Ce n’est, à vrai dire, qu’une esquisse, mais déjà le jugement est formé ; déjà Ponsard sait ce que doit et ce que ne doit pas être la poésie telle qu’il la comprend.


Il y a en premier lieu quelque chose de mort à tout jamais : c’est la friperie du langage littéraire de l’Empire... Quant au franc vers cornélien et à la sentimentale musique de Racine, c’est bien différent. Voilà de la vraie et belle poésie. Si elle survit glorieusement aux ruines du système classique c’est par cela même qu’elle n’était pas dans les conditions serviles de cette prétendue noble phraséologie, c’est qu’elle puisait sa noblesse dans l’idée et non pas dans les expressions distinguées alignées par un chevillage de convention.

Mais ces grands poètes ont-ils concentré toutes les formes du beau dans leur horizon ? Ne reste-t-il rien en dehors qui mérite une exploration ?... En ce sens, l’école de Victor Hugo a rendu à l’art d’importans services. Je ne parle pas des plats imitateurs qui sont toujours à la queue de toute création puissante, de ces médiocres reproducteurs de la forme extérieure, déjà plus vieillis que les classiques dont ils se moquent sans intelligence ; je ne parle que des maîtres de l’école.

Sans doute on est allé trop loin : mais les excès sont inséparables de l’ardeur d’une révolution.

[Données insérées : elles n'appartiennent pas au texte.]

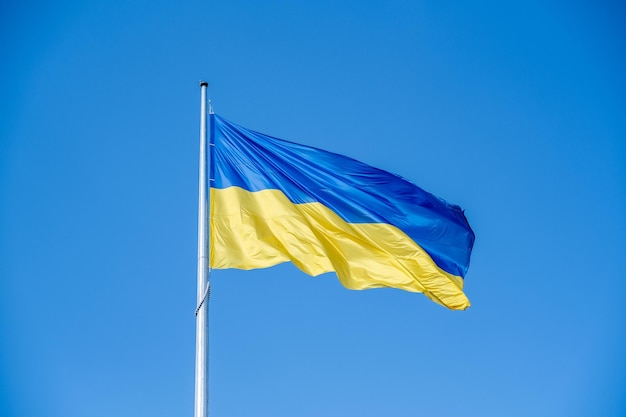 Photo drapeau ukrainien dans le vent sur fond de ciel bleu grand drapeau national jaune bleu de l'ukraine grand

Il fallait un coup de vigueur exagéré pour secouer les esprits engourdis. L’ébranlement a été donné : puis viendra la réaction, si elle n’est déjà venue ; puis la littérature, longtemps oscillante, se reposera dans les bienfaits de l’éclectisme.


Le mot d’éclectisme sonne fâcheusement à nos oreilles : mais l’éclectisme tel que l’entendait Ponsard n’avait rien de commun avec une doctrine qui consisterait à rassembler des élémens disparates, empruntés à droite et à gauche. Être « éclectique, » pour le futur auteur de Lucrèce et de Charlotte Corday, cela signifiait avant tout cesser de mépriser les anciens, et notamment les grands poètes de l’école classique ; cela signifiait, en outre, continuer le romantisme en le débarrassant de l’excès des descriptions purement extérieures, en y introduisant une vie plus naturelle et des sentimens plus humains, en le rendant plus conforme à son propre programme, qui consistait à unir la poésie avec la vérité. Et cet « éclectisme, » — Ponsard le dit lui-même — ne doit pas être considéré comme une « réaction, » mais plutôt comme une consolidation, comme un « repos » en territoire conquis.